#### TO DO:
From the records, pick out and copy each line containing "Dress".

#### MATERIAL PROVIDED:
- Opening Delimiter -
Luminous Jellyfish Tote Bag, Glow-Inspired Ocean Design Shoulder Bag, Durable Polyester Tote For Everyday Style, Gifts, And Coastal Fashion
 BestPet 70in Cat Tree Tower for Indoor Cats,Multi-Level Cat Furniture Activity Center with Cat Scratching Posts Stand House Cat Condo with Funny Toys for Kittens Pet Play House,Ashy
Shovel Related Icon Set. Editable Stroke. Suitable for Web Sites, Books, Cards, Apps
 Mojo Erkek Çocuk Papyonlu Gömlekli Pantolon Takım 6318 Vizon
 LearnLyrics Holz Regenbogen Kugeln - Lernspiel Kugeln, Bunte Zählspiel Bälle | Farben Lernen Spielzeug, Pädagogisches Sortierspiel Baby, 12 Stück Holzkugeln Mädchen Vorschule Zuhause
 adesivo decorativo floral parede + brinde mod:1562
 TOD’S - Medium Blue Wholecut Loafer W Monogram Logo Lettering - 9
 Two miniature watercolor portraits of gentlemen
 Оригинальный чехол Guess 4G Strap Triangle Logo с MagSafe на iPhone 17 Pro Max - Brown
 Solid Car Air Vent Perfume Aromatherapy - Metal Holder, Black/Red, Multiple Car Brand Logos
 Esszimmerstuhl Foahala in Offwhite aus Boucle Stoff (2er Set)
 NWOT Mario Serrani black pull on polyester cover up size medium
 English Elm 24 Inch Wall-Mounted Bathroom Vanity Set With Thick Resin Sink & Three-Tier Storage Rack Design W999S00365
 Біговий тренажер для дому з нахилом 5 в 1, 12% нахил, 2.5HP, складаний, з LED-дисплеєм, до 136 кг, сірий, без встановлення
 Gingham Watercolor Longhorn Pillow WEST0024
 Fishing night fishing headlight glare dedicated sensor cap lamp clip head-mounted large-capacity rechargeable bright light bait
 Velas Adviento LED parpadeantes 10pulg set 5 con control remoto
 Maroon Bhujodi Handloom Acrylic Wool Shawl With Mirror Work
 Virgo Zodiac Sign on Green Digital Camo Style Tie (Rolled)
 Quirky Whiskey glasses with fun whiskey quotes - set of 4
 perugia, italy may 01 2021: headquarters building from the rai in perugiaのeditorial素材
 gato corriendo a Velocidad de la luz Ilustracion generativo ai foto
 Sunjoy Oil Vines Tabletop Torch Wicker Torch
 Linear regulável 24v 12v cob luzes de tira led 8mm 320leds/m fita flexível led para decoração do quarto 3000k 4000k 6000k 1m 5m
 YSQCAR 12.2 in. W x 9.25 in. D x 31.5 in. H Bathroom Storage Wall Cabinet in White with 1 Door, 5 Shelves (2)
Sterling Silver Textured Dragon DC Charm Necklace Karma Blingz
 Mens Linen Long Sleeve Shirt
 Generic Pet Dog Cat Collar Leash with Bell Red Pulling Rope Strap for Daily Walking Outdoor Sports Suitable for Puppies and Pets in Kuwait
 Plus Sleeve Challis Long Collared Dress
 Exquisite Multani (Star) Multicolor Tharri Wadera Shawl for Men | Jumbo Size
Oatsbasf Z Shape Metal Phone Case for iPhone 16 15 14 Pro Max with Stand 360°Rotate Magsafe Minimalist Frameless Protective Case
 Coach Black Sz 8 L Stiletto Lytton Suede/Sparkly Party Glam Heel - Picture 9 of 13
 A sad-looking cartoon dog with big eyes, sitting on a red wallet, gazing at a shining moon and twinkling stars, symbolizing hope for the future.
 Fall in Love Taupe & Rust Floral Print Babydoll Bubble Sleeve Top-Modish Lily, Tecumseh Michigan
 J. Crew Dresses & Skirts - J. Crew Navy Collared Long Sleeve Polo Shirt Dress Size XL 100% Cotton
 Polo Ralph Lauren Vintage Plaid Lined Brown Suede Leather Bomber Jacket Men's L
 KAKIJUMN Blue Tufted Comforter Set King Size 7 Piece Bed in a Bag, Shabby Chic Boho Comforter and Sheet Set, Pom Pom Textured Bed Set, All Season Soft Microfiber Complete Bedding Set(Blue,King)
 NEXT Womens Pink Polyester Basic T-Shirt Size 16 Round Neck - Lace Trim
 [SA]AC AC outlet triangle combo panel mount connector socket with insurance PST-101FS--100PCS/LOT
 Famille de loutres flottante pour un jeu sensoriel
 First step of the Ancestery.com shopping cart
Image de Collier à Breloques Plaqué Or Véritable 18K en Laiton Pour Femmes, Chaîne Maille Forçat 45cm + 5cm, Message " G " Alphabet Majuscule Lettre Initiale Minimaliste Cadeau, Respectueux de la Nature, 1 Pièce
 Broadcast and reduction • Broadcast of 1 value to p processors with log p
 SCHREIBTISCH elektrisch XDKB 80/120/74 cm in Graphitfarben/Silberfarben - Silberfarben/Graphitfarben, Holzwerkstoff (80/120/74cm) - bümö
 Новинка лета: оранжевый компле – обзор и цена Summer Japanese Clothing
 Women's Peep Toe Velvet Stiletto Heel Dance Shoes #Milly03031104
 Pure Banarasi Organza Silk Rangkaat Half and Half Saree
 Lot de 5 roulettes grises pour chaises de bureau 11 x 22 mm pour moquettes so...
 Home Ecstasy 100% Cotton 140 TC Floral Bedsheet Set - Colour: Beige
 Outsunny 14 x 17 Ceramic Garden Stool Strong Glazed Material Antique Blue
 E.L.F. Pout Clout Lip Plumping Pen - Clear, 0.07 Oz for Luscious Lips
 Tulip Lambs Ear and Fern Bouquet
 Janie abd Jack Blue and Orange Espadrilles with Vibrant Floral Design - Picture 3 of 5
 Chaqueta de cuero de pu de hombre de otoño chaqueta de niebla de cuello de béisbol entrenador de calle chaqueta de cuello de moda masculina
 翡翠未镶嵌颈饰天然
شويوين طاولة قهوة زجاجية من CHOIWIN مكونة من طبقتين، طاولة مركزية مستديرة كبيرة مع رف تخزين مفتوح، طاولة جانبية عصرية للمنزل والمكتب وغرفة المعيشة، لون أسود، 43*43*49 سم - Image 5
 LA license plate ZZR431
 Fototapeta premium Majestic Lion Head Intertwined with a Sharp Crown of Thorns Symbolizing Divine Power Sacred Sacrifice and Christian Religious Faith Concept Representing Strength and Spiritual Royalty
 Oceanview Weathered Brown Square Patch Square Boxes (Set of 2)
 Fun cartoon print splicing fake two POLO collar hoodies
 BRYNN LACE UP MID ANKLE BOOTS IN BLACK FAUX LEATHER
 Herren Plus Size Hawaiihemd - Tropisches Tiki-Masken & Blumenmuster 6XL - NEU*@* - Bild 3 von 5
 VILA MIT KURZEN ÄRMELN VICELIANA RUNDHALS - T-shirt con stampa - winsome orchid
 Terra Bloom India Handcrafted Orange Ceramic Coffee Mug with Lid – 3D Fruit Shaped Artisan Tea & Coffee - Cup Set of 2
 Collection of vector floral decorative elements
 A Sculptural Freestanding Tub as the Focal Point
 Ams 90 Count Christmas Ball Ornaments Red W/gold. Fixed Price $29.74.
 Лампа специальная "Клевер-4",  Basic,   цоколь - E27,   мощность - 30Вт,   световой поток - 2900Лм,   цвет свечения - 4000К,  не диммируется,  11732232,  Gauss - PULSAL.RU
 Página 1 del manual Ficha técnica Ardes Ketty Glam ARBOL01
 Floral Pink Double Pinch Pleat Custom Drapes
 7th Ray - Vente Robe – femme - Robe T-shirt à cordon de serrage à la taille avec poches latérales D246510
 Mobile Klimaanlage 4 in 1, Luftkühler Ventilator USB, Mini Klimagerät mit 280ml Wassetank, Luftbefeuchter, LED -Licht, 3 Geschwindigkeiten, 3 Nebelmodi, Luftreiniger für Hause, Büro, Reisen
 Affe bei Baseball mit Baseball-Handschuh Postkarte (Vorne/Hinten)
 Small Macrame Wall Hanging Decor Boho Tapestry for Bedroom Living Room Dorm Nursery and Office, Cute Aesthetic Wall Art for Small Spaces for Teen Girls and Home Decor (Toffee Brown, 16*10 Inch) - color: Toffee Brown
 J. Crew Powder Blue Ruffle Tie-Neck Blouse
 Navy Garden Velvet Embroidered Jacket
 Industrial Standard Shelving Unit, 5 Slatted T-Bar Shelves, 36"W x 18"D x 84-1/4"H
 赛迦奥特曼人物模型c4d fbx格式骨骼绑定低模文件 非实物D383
- Closing Delimiter -
#### YOUR SOLUTION:
 Plus Sleeve Challis Long Collared Dress
 J. Crew Dresses & Skirts - J. Crew Navy Collared Long Sleeve Polo Shirt Dress Size XL 100% Cotton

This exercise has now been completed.